This is a more detailed description of the idea I threw out there in the comment:
Keep Furniture a POJO, i.e., just hold the data, no behavior or rules implemented in it.
Implement the rules in separate classes, something along the lines of:
interface FurnitureRule {
void validate(Furniture furniture) throws FurnitureRuleException;
}
class ValidMaterialRule implements FurnitureRule {
// this you can load in whatever way suitable in your architecture -
// from enums, DB, an XML file, a JSON file, or inject via Spring, etc.
private Set<String> validMaterialNames;
#Overload
void validate(Furniture furniture) throws FurnitureRuleException {
if (!validMaterialNames.contains(furniture.getMaterial()))
throws new FurnitureRuleException("Invalid material " + furniture.getMaterial());
}
}
class UpholsteryRule implements FurnitureRule {
// Again however suitable to implement/config this
private Map<String, Set<String>> validMaterialsPerUpholstery;
#Overload
void validate(Furniture furniture) throws FurnitureRuleException {
Set<String> validMaterialNames = validMaterialsPerUpholstery.get(furniture.getUpholstery();
if (validMaterialNames != null && !validMaterialNames.contains(furniture.getMaterial()))
throws new FurnitureRuleException("Invalid material " + furniture.getMaterial() + " for upholstery " + furniture.getUpholstery());
}
}
// and more complex rules if you need to
Then have some service along the lines of FurnitureManager. It's the "gatekeeper" for all Furniture creation/updates:
class FurnitureManager {
// configure these via e.g. Spring.
private List<FurnitureRule> rules;
public void updateFurniture(Furniture furniture) throws FurnitureRuleException {
rules.forEach(rule -> rule.validate(furniture))

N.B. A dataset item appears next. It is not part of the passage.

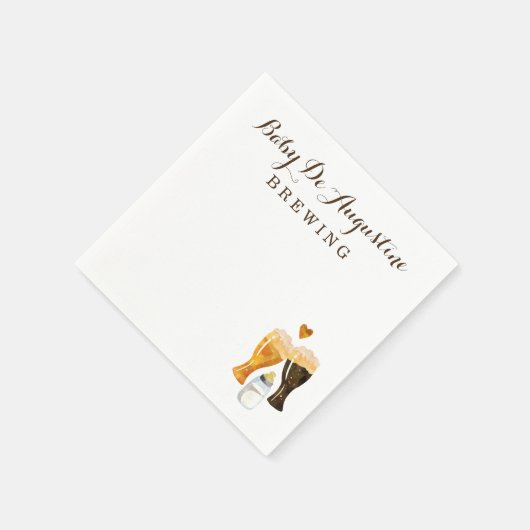 Gepersonaliseerde Brouwerij Baby shower Rustieke B Servet (Hoek)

// proceed to persist `furniture` in the database or whatever else you do with a valid piece of furniture.
}
}
material should be of type Enum.
public enum Material {
MAHOGANY,
TEAK,
OAK,
...
}
Furthermore you can have a validator for Furniture that contains the logic which types of Furniture make sense, and then call that validator in every method that can change the material or upholstery variable (typically only your setters).
public class Furniture {
private Material material;
private Upholstery upholstery; //Could also be String depending on your needs of course
public void setMaterial(Material material) {
if (FurnitureValidator.isValidCombination(material, this.upholstery)) {
this.material = material;
}
}
...
private static class FurnitureValidator {
private static boolean isValidCombination(Material material, Upholstery upholstery) {
switch(material) {
case MAHOGANY: return upholstery != Upholstery.COTTON;
break;
//and so on
}
}
}
}
We often are oblivious of the power inherent in enum types. The Java™ Tutorials clearly states "you should use enum types any time you need to represent a fixed set of constants."
How do you simply make the best of enum in resolving the challenge you presented? - Here goes:
public enum Material {
MAHOGANY( "satin", "velvet" ),
PLYWOOD( "leather" ),
// possibly many other materials and their matching fabrics...
OAK( "some other fabric - 0" ),
WALNUT( "some other fabric - 0", "some other fabric - 1" );
private final String[] listOfSuitingFabrics;
Material( String... fabrics ) {
this.listOfSuitingFabrics = fabrics;
}
String[] getListOfSuitingFabrics() {
return Arrays.copyOf( listOfSuitingFabrics );
}
public String toString() {
return name().substring( 0, 1 ) + name().substring( 1 );
}
}
Let's test it:
public class TestMaterial {
for ( Material material : Material.values() ) {
System.out.println( material.toString() + " go well with " + material.getListOfSuitingFabrics() );
}
}
Probably the approach I'd use (because it involves the least amount of code and it's reasonably fast) is to "flatten" the hierarchical logic into a one-dimensional Set of allowed value combinations. Then when setting one of the fields, validate that the proposed new combination is valid. I'd probably just use a Set of concatenated Strings for simplicity. For the example you give above, something like this:
class Furniture {
private String wood;
private String upholstery;
/**
* Set of all acceptable values, with each combination as a String.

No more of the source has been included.